I used to love to run, but in recent years–as my waistline has grown–I have ceased to enjoy the feelings it gives me. I’m not sure why, either. I like to be alone with my thoughts, particularly when they are not the chaotic ones that are brought on my life’s stresses and a weird neurological disorder that I have which causes repetitive thoughts to cycle through my mind over and over again.

When I lived in Brooklyn I used to love running from my apartment on Bay Ridge Avenue down to the waterfront, where I would make a left towards the grand Verrazano Narrows Bridge which connects Staten Island to New York’s most cozy borough (I really miss that place). I loved the smell of the ocean water and the site of boats whipping by or giant tankers lumbering in and out of the harbor. Cars raced by at high speeds, but I, running maybe 6 mph, felt even more powerful during the four-mile run. It helped to calm my frustrations, my anxieties and put me at peace. One morning in mid-July 2004, awakened for several hours by panic attacks, I put on my beat up sneakers and headed for the massive gray bridge. Eastward dawn sunlight illuminated the water as I ran, and when I returned to my apartment, sweating and breathless, I was calm and dozed off for several hours in peace.

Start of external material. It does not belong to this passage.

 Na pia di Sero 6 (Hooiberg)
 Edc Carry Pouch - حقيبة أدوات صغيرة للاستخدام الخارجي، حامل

Now, running is harder. Despite purchasing an MP3 player (which I’ll discuss in another posting), running is hard still. I feel tired easily and I don’t get the same satisfaction I used to get from pounding the pavement. It’s depressing. I’m trying to think about it and figure out why that is. Have I become so serene I can’t run or is there a restlessness inside of me.

I used to be spotted during college breaks running down Kenwood Avenue in my hometown of Delmar, New York. I was a running fool. Six miles, four days a week, sometimes in 96 degree weather. I loved the feeling, sweat-soaked, drained of worry and fear, relaxed. Even running 100 miles on a treadmill during the fall term of 2000, I couldn’t capture that exhiliration.

I’m noticing things are changing, but I feel a confident insight into why and a feeling I can regain my elan again. I hope so. I’m putting on my sneakers in an hour–as soon as the rush hour traffic dies down–to run for an hour or so. My body deserves it, but my soul craves it even more.